The format was getting a bit stale but over the past couple of years, there’s been a deliberate move away from the “tombolas & burgers” image towards a more varied Fair which benefits the town and local traders a bit more. This year – the parade was the best for some years, the “Food Court” on Newgate was a success for a second year – and the Dog Show on the Stanners was very popular. If you want to be involved next year and/or have some ideas for further improvements – just contact the Chamber of Trade. They’ll be starting again in November!

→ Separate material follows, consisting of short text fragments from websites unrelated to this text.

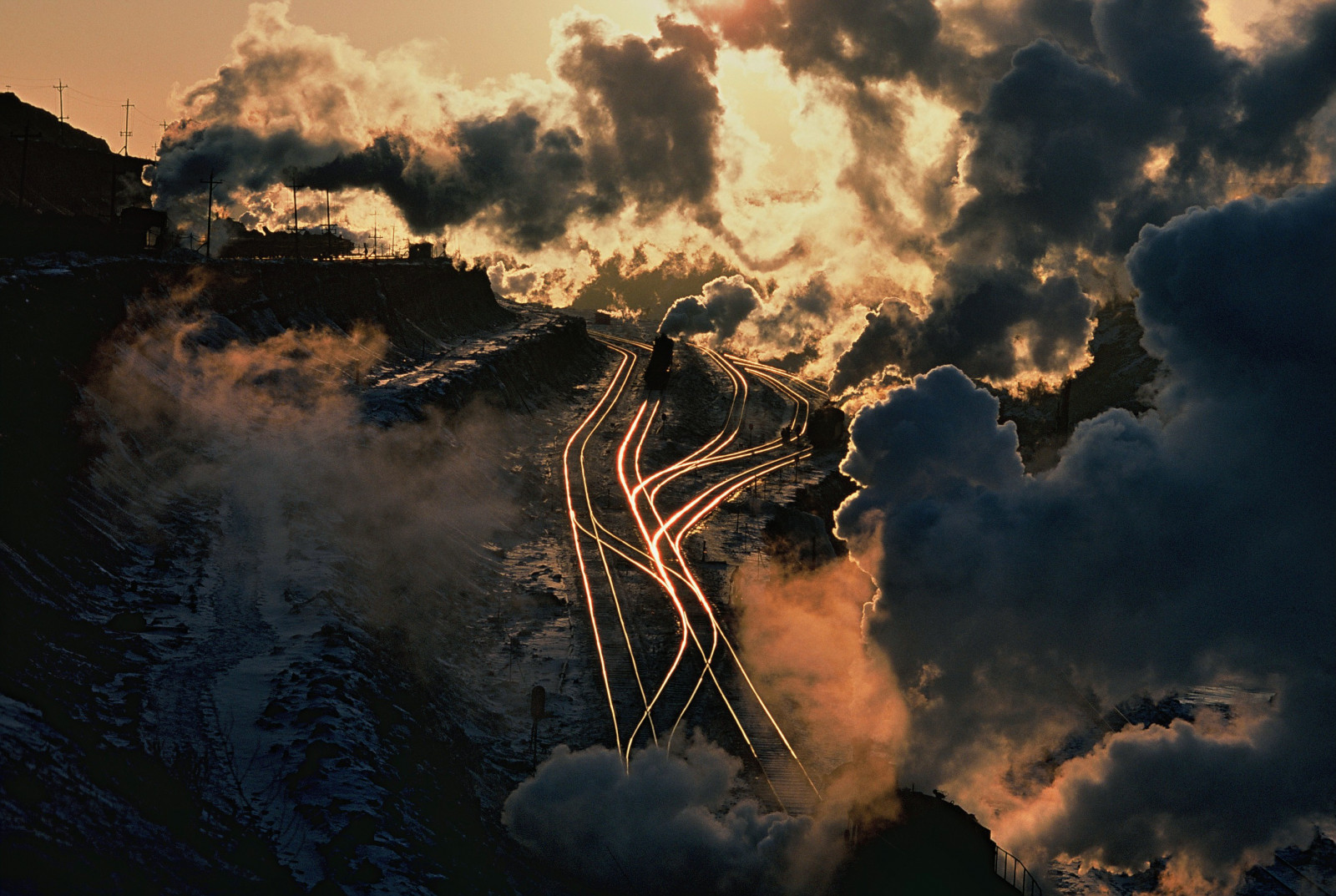 luce del sole, paesaggio, tramonto, Cina, acqua, cielo, inverno, lanciare, fumo, treno, ferrovia, Terra, ramo, calma, sera, mattina, Torre, orizzonte, atmosfera, crepuscolo, lavoro, locomotiva, Nord, fossa, nube, Aperto, albero, vapore, tramonto, alba, pianta, est, tren, oscurità, Provincia, lok, lavoratore, carbone, bei, Popoli, Bacino, repubblica, classe, trazione, industria, sfondo del computer, atmosfera della terra, fenomeno geologico, fenomeno meteorologico, cumulo, fenomeno, Dampf, Werk, jalainur, Nei, mongolo, sy, vapeur, Ferrocarril, chionoise, Stroom, vapore, Volksrepublik, Carburazione, stock photography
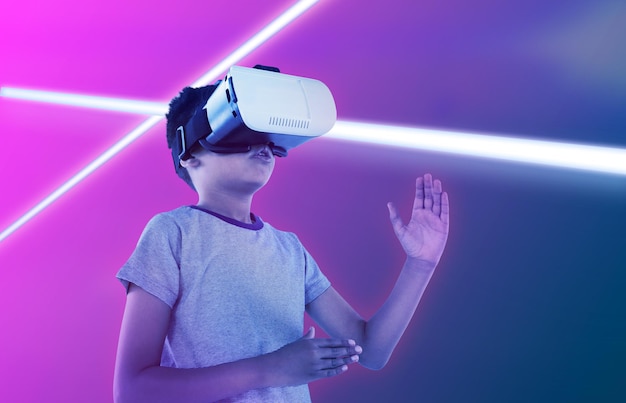 Imagen compuesta de niño jugando con casco de realidad virtual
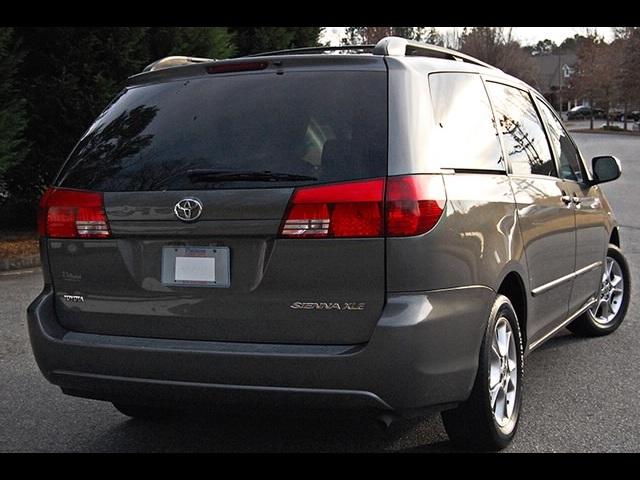 Toyota Sienna LX ONE Owner MiniVan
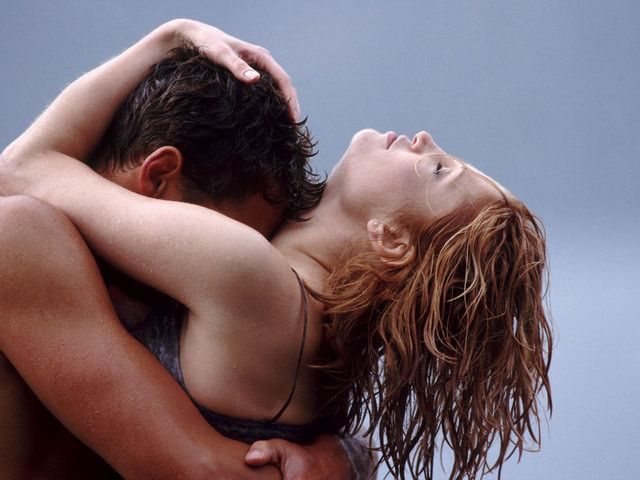 Оставьте нас хотя бы на минутку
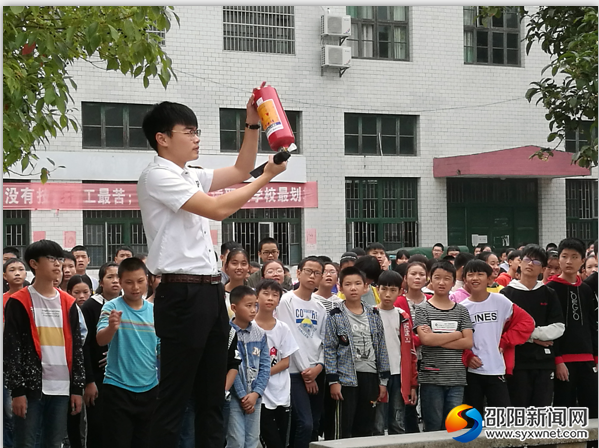 教官在讲解干粉灭火器的使用方法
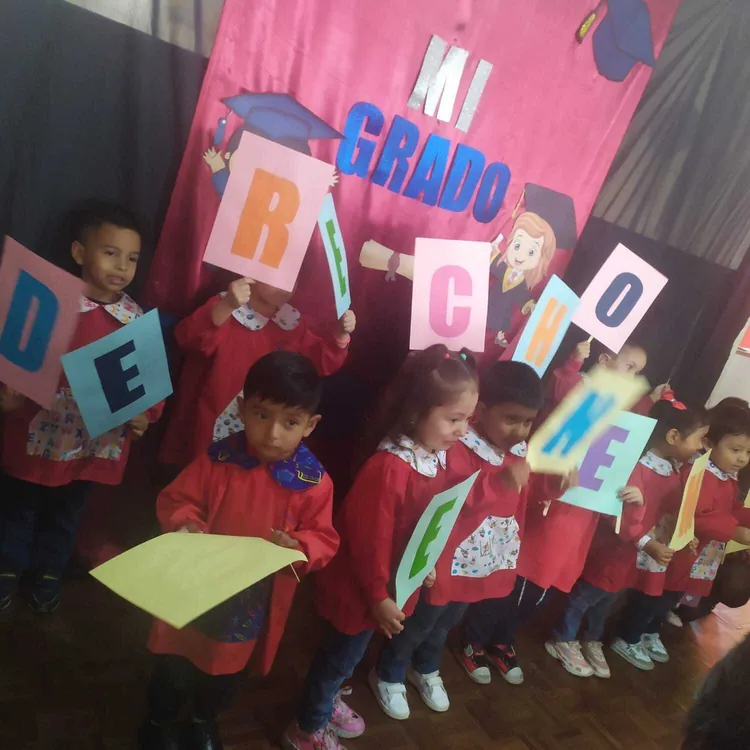 Niños felices en guardería Años Mágicos Quito Ecuador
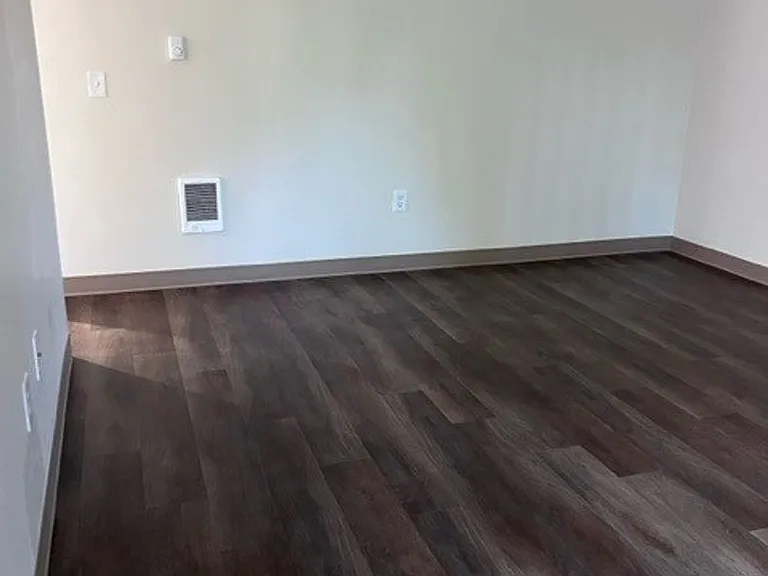 154-Sandy Dr Apts — Photo 26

Then by extreme contrast, I was invited to the 70th anniversary lunch of the Morpeth Antiquarian Society (MAS):
Communities are built when families are able to send their children to the same local schools, when residents are able to use the same local – small and personal – health and community facilities and are able to shop locally, preferably at independent shops. But for a community to be rooted, there must also be an awareness of the past. Morpeth has both an increasing number of Morpethians who have moved away but want to retain hold of their roots and more and more incomers who need to learn about where they’ve moved to. Awareness of history gives both sense of identity and sense of place.
Morpeth Antiquarian Society has the hugely important role of protecting and sharing local heritage and social history so that people are aware of and retain the identity, distinctiveness and character of Morpeth.
It has a role in helping ex-pat Morpethians keep in touch with their heritage and roots and it has a role helping incomers understand the place they are now living in.
They do this through i) annual programmes of informative talks and publication of well-researched local history books ii) through the Morpeth Northumbrian Gathering (which is an “offshoot” of the MAS) – retaining, refreshing and disseminating Northumbrian culture and distinctiveness and iii) as curators of the Collection – which is the core of the once and future Morpeth Museum – and organising regular exhibitions drawing on that Collection. The re-establishment of a Morpeth Museum – “bringing our history home” is a cherished dream of the Antiquarians, and I hope it’s realisation is not too far in the future.
A third great community-builder – the Greater Morpeth Development Trust – has its chance to show what it can do in the next couple of weeks, with their AGM on 13th July then that great family event, Picnic in the Park, on Sunday 16th July. The Deputy Mayor – young Jack Gebhard – will be going along to that, so please support him on his first “outing” in the chain.